We can write this model in clojure as follows:

        (let [x (sample (normal 1.0 5.0))]
            (observe (normal x 2.0) 7.0)
        x)

which you may save as model.clj or one_gaussian.clj or whatever else, as long as you keep the .clj suffix. This then needs compiling into python. To avoid the user having to install multiple different dependencies, having to manually run a separate script to compile the output and then import the outputted python script which matches our designed interface. We instead built our own importer module, which implements a finder and a loader and then compiles the clojure code to python code and imports that as module into the users main inference script.

The imports module

Here is the current importer module, located at pyfo.pyfoppl.foppl.imports :

from importlib.abc import Loader as _Loader, MetaPathFinder as _MetaPathFinder
from .compiler import compile
from .model_generator import Model_Generator

import sys
PATH = sys.path[0]

def compile_module(module, input_text):
    graph, expr = compile(input_text)
    model_gen = Model_Generator(graph)
    code = model_gen.generate_class()
    exec(code, module.__dict__)
    module.graph = graph
    module.code = code
    return module

class Clojure_Loader(_Loader):

    def create_module(self, spec):
        return None

    def exec_module(self, module):
        with open(module.__name__) as input_file:
            input_text = '\n'.join(input_file.readlines())
            compile_module(module, input_text)

class Clojure_Finder(_MetaPathFinder):

    def find_module(self, fullname, path=PATH):
        return self.find_spec(fullname, path)

    def find_spec(self, fullname, path, target = None):
        import os.path
        from importlib.machinery import ModuleSpec
        fullname = fullname.split(sep='.')[-1]
        if '.' in fullname:
            raise NotImplementedError()

        if os.path.exists(fullname + ".clj"):
            return ModuleSpec(os.path.realpath(fullname + ".clj"), Clojure_Loader())
        else:
            return None

sys.meta_path.append(Clojure_Finder())

Preamble

Before we walk through this, let us first see what the user has to do to invoke the PPE. We assume that the user has pip installed pyfo, so it exists on the PYTHONPATH.

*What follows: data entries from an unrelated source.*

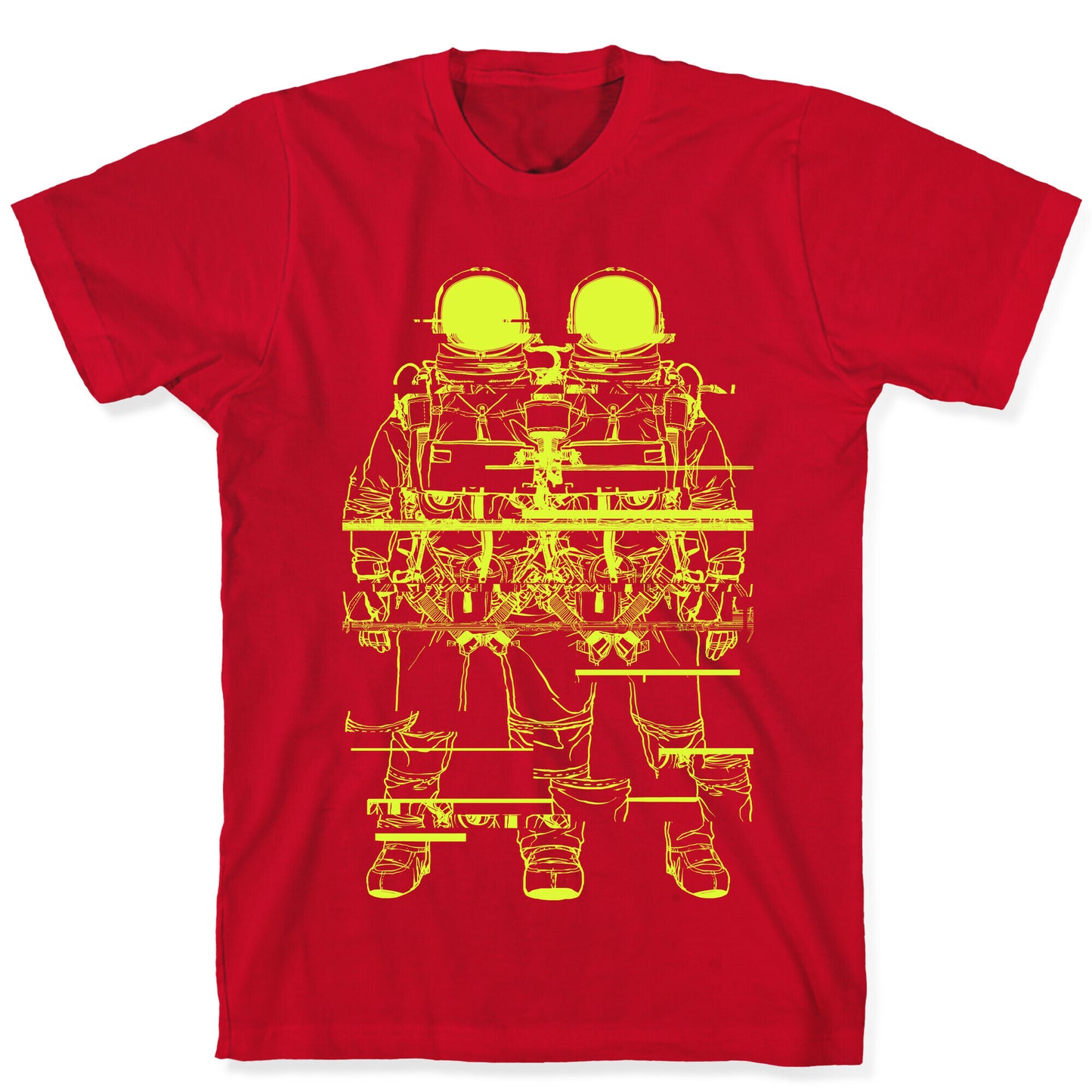 Twin Astronaut Glitch T-Shirt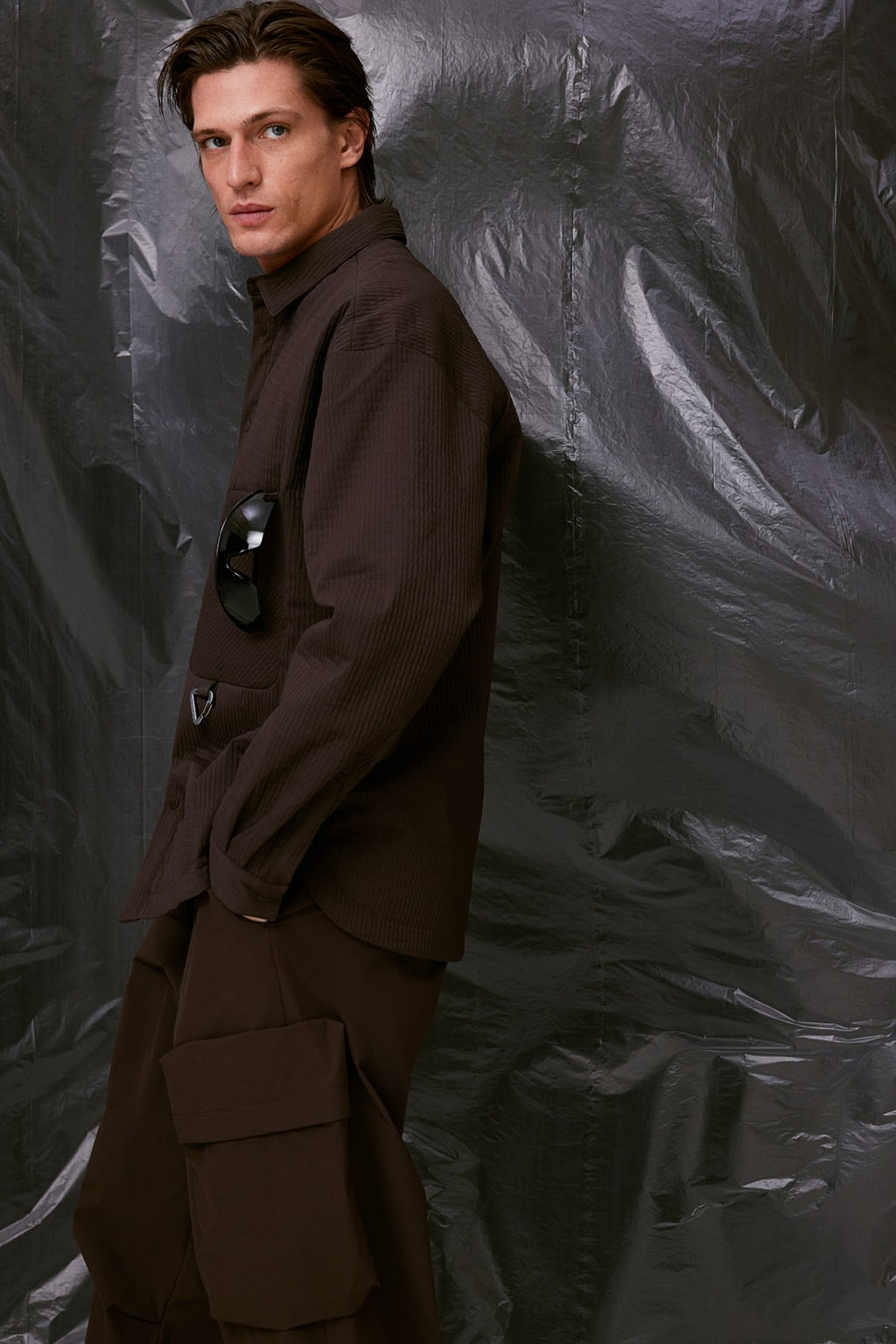 Sobrecamisa en ThermoMove Oversized Fit - H&m фото 5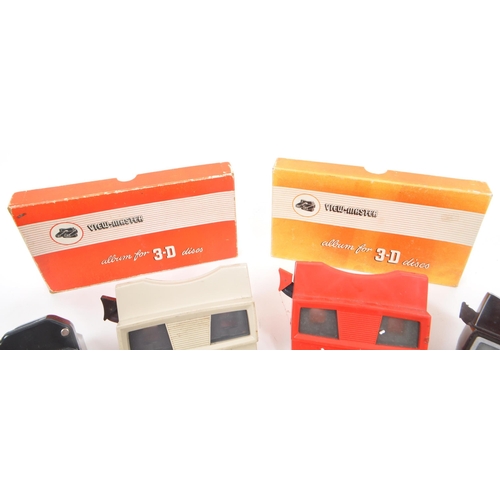 335 - Viewmaster - A collection of four mid 20th century Viewmaster stereoscope viewers. The collection to... 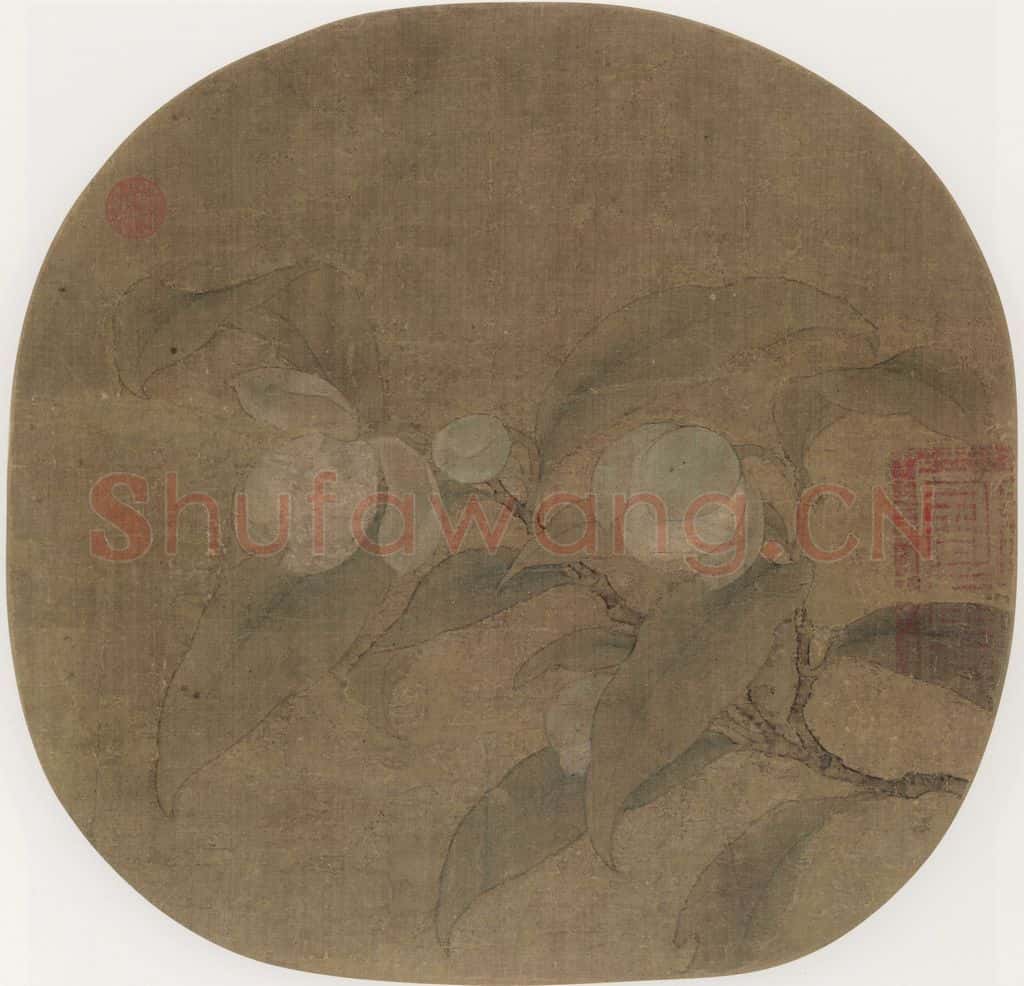 宋朝 佚名《无花果图》书画作品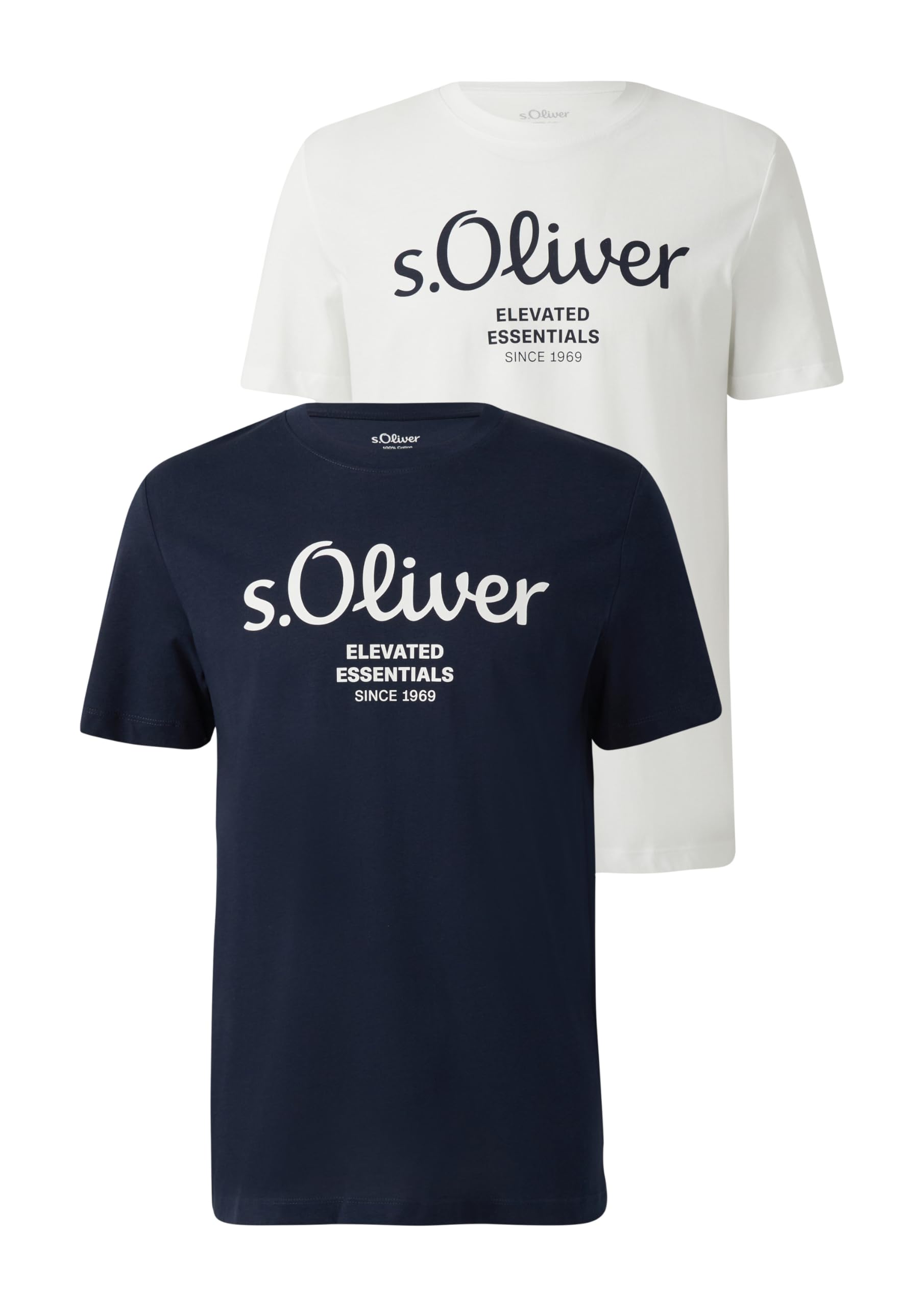 s.Oliver RED LABEL Jersey T-Shirt 2er-Pack XL weiß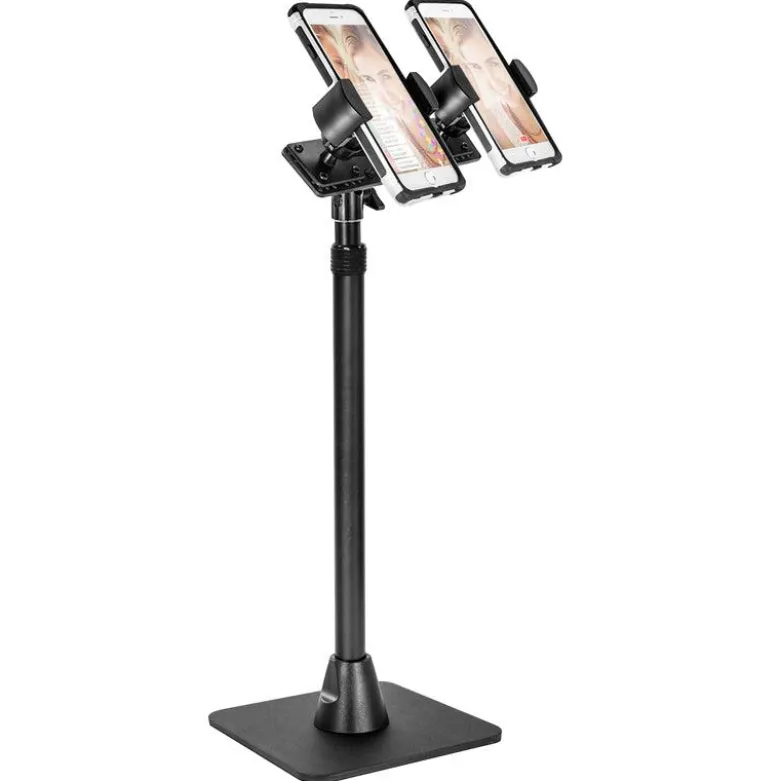 TW Broadcaster Pro Dual RoadVise® Phone Desk Mount or Countertop 29-inch Stand for Live Streaming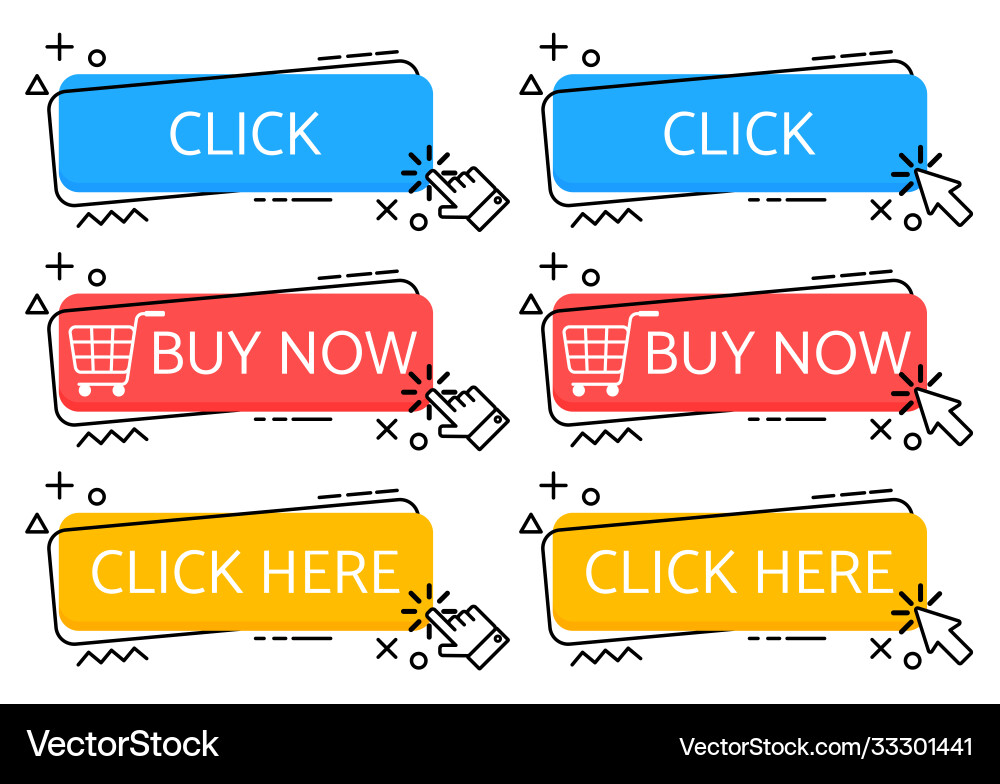 Hand cursor and arrow pointing icon Hand cursor and arrow pointing icon Vector Image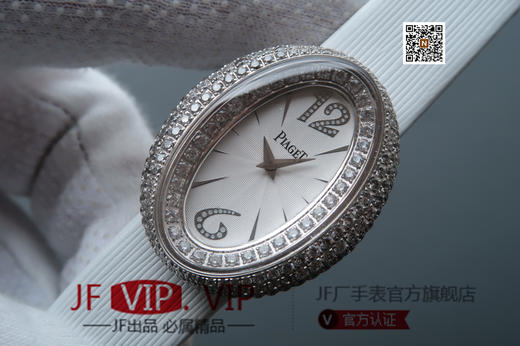 MC伯爵LIMELIGHT系列G0A32099腕表（AISI316L精钢表壳搭配，意大利进口头层沙丁布带，表圈镶嵌天然锆石，搭载瑞士原装石英机芯 商品图1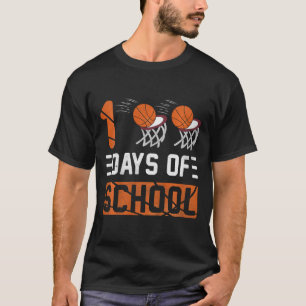 T-shirt Enfants 100 Jours D'École Enfants Filles Enfants E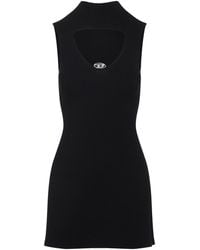 DIESEL - Oloni Wool Short Dress - Lyst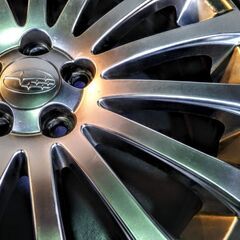 レガシィ純正 18インチ スバル純正 ハイグロス 立体色【点検OK】富山 レガシィ フォレスター アウトバック インプレッサ エクシーガ PCD100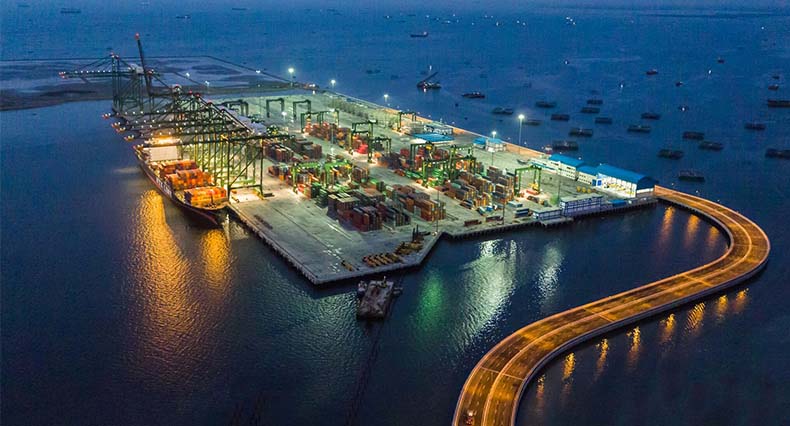 Puerto de Tanjung Priok. Envíos de China al Sudeste Asiático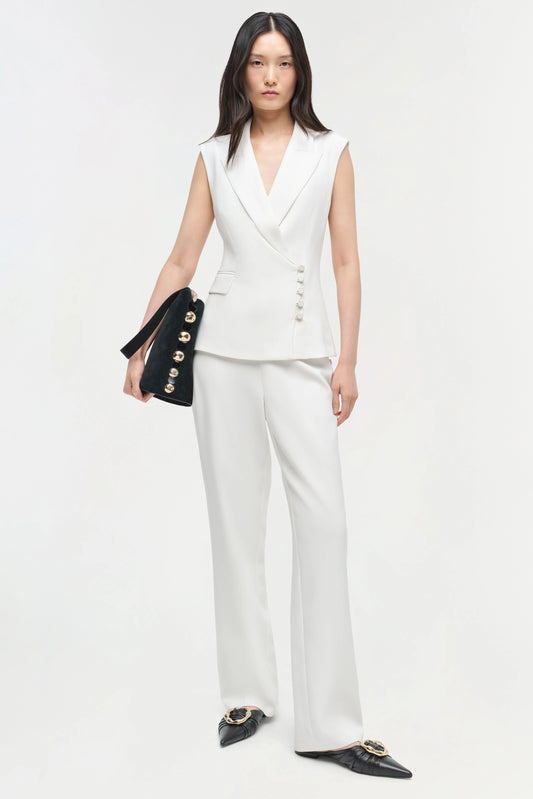 SIMKHAI - Valarie Blazer Vest - Ivory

Let us say that the users working directory is: /Users/bradley/Documents/Models/ Within that directory they create the one_gaussian.clj script. The user would then write the following python script, which would be saved within this directory:

from pyfo.pyfoppl.foppl import imports # this uses a loader and finder module.
import one_gaussian # when we do this `imports` is triggered, compiles the mode; automatically and loads it as a module.
from pyfo.inference.dhmc import DHMCSampler as dhmc  # inference algorithm

burn_in = 100
n_samples = 10 ** 3
stepsize_range = [0.03,0.15]
n_step_range = [10, 20]

dhmc_    = dhmc(one_gaussian.model, n_chains)
stats = dhmc_.sample(n_samples, burn_in, stepsize_range, n_step_range) # MCMC sampling begins
samples = stats['samples'] # returns dataframe of all samples.
means = stats['means'] # returns dictionary key:value, where key - parameter , value = mean of parameter

The user would then run this script, say gauss_model.py either via the terminal or their favourite IDE.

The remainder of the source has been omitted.